- Donja Dobra Location within Croatia
- Coordinates: 45°27′14″N 14°58′37″E﻿ / ﻿45.453809°N 14.977026°E
- Country: Croatia
- Region: Gorski Kotar
- County: Primorje-Gorski Kotar County
- Municipality: Brod Moravice

Area
- • Total: 1.8 sq mi (4.6 km^{2})
- Elevation: 1,529 ft (466 m)

Population (2021)
- • Total: 193
- • Density: 110/sq mi (42/km^{2})
- Time zone: UTC+1 (CET)
- • Summer (DST): UTC+2 (CEST)
- Postal code: 51312
- Area code: 051

= Donja Dobra =

Donja Dobra is a village in the Gorski Kotar region of Croatia. The settlement is administered as a part of Brod Moravice municipality and the Primorje-Gorski Kotar County. According to the 2001 census the village has 190 inhabitants. It is connected by the D3 state road.

==History==
In 1860–1879, Matija Mažuranić wrote a 62 folio manuscript today titled Writings on the Building of Roads in Gorski Kotar and Lika (Spisi o gradnji cesta u Gorskom Kotaru i Lici), today with signature HR-ZaNSK R 6424. A 21 folio manuscript dated 1872 titled Darstellung der Entstehung des Baues ... der Luisenstrasse together with a translation by I. Mikloušić is kept as HR-ZaNSK R 4572.

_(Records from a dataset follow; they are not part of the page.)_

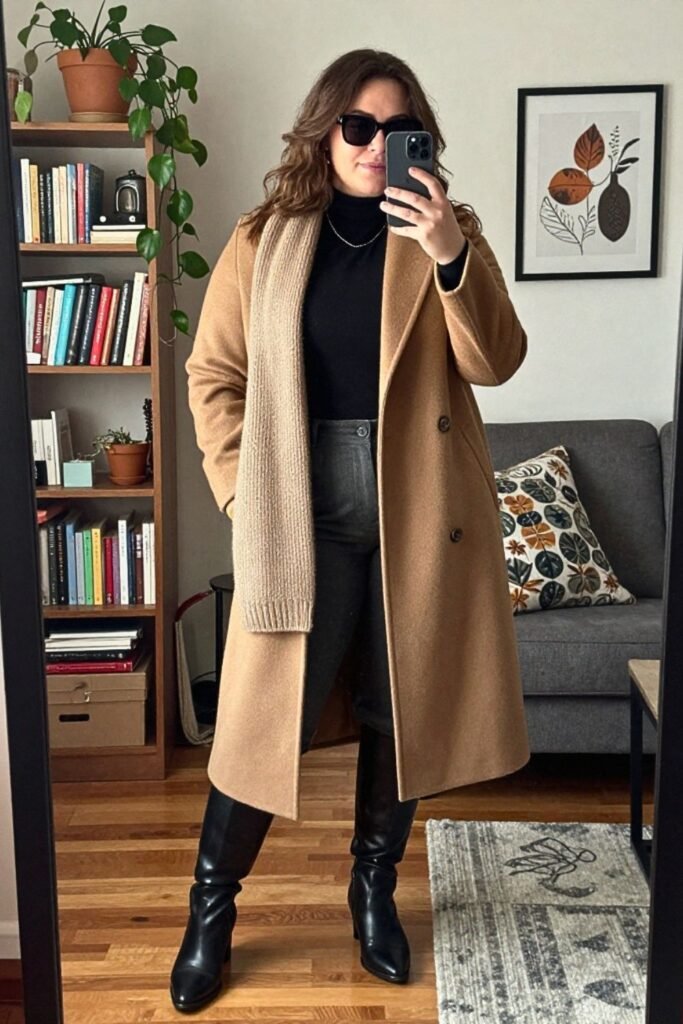 Long Wool Coat, Scarf, and Knee-High Boots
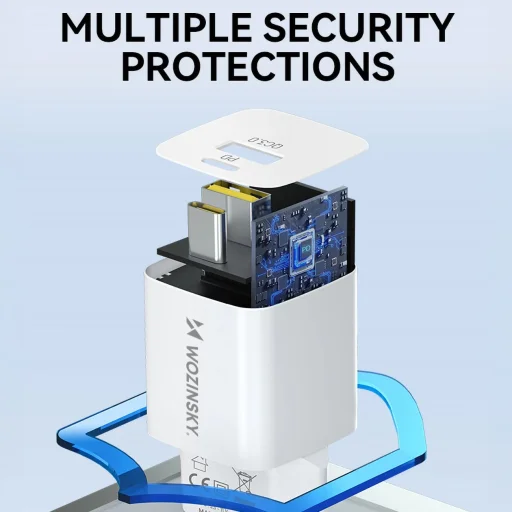 Wozinsky WWCEAC GaN USB-A és USB-C 33W fali töltő - fehér, - 8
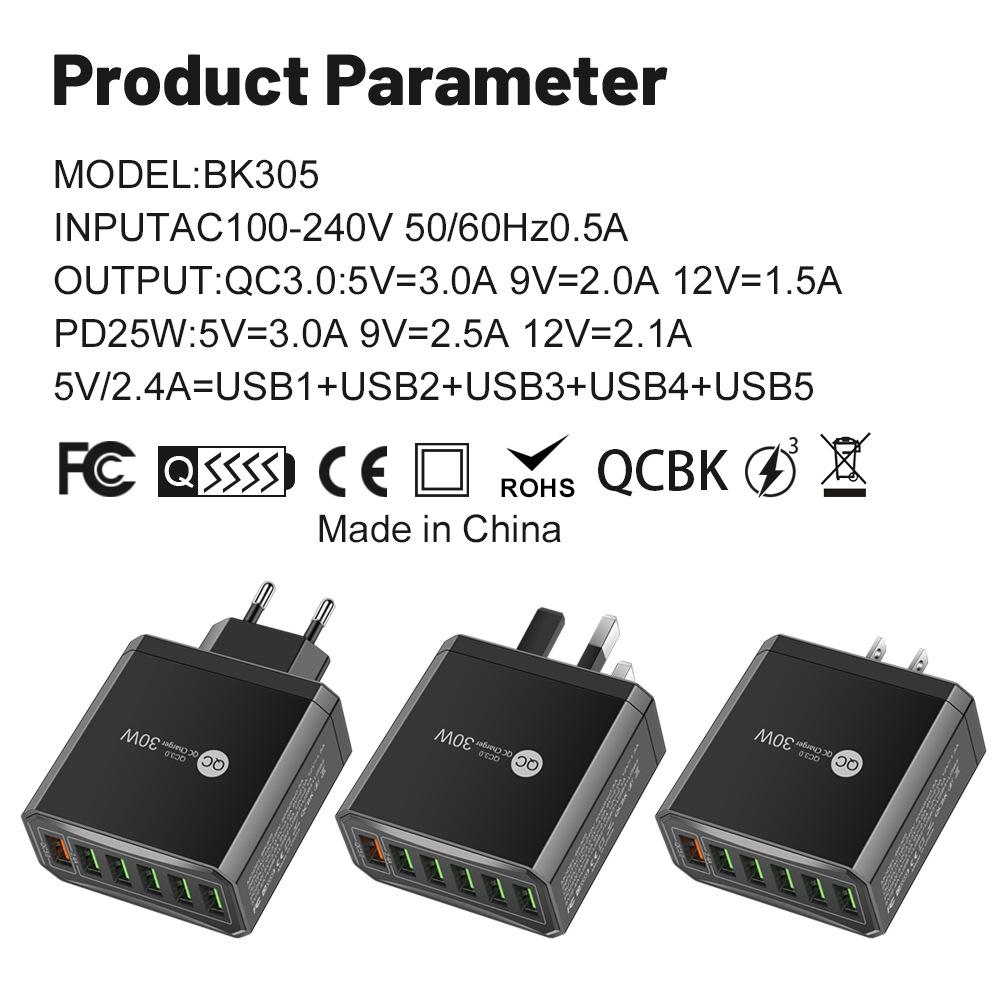 30W 6-Port QC3.0 Fast Charger with EU, US, UK, Korean Plugs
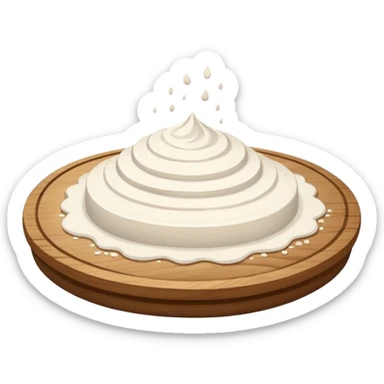 pour flour on circular wooden plate with curved edges sticker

On 28 April 2012 after 17:00, a fire burned 15 ha in the forest along the railway between Moravice and Brod Moravice.

On 12 December 2017, a severe wind hit Donja Dobra, blocking traffic to and from it.

==Notable people==
Notable people that were born or lived in Donja Dobra include:
- Lydia Sklevicky (7 May 1952 – 21 January 1990)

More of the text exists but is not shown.